A former Russian spy and sharp critic of Vladimir Putin, Alexander Litvinenko, gets poisoned to death in London. Mr. Litvinenko had an intense interest in revealing who murdered Russian journalist Anna Politkovskaya, who was just the latest in a string of Russian journalists who've been murdered in the last half-decade in and outside of Russia. Additionally, Boris Khodorkovsky, a billionaire critic and political rival of Vladimir Putin's, received 20 years for essentially trumped-up charges. At the same time, while Russia (and China) consistently block any sanctions against the soon-to-be nuclear Islamic Republic of Iran on the U.N. Security Council, they sell anti-aircraft missles to said Iranians. Putin has also dispatched the head of Russia nuclear agency to Iran this past week.

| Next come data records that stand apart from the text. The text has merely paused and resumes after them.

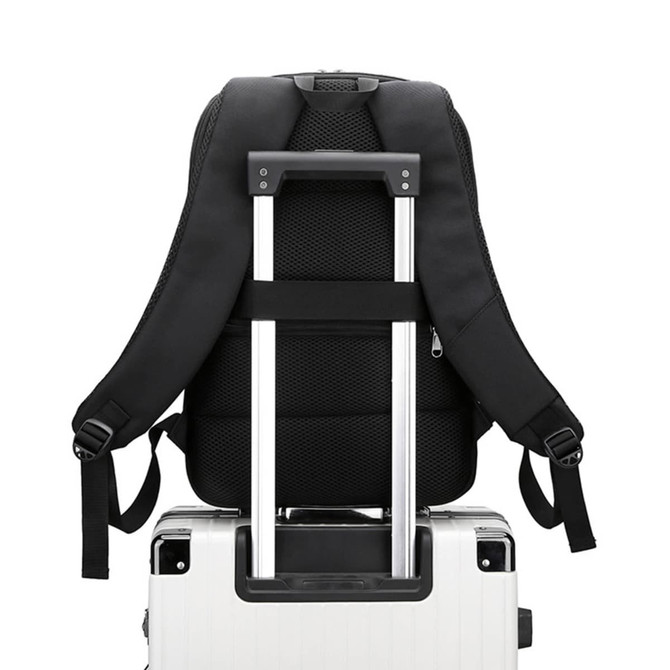 A black expandable laptop backpack resting on a wheeled suitcase, showcasing padded straps and back panel.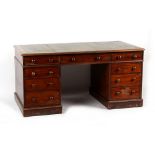 Property of a gentleman - a Victorian mahogany twin pedestal desk with green leather inset top above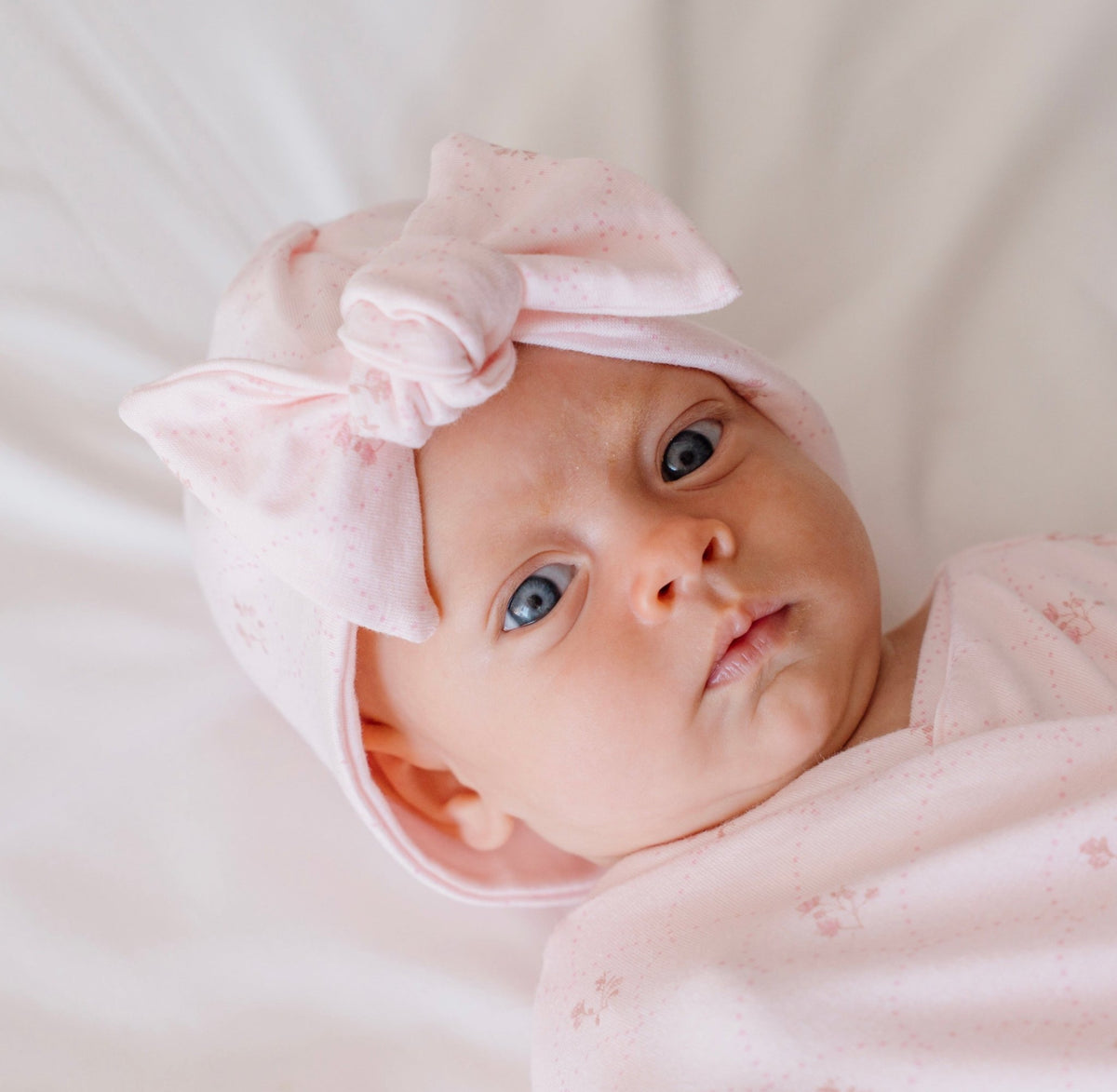 Ruched baby beanie with bow, made from bamboo cotton fabric in dainty dots design.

Draw your own conclusions from this, but these are mine:
Putin is consolidating his power by slowly but surely eliminating all dissent in the press, in business, or by Russian defectors. Putin is former KGB; he is a formidible man intellectually, and was inculcated with a cold-blooded, Stalinist ethic through his KGB experiences. He is clearly seeking to destroy Russian democracy (fragile as it is) internally, while he is using the Iranians to do his dirty work (i.e. wage jihad on the West). It would not surprise me to find out that Russia has increased its military budget significantly in the last five years. Where this leads to, I don't know. But it is no place desireable.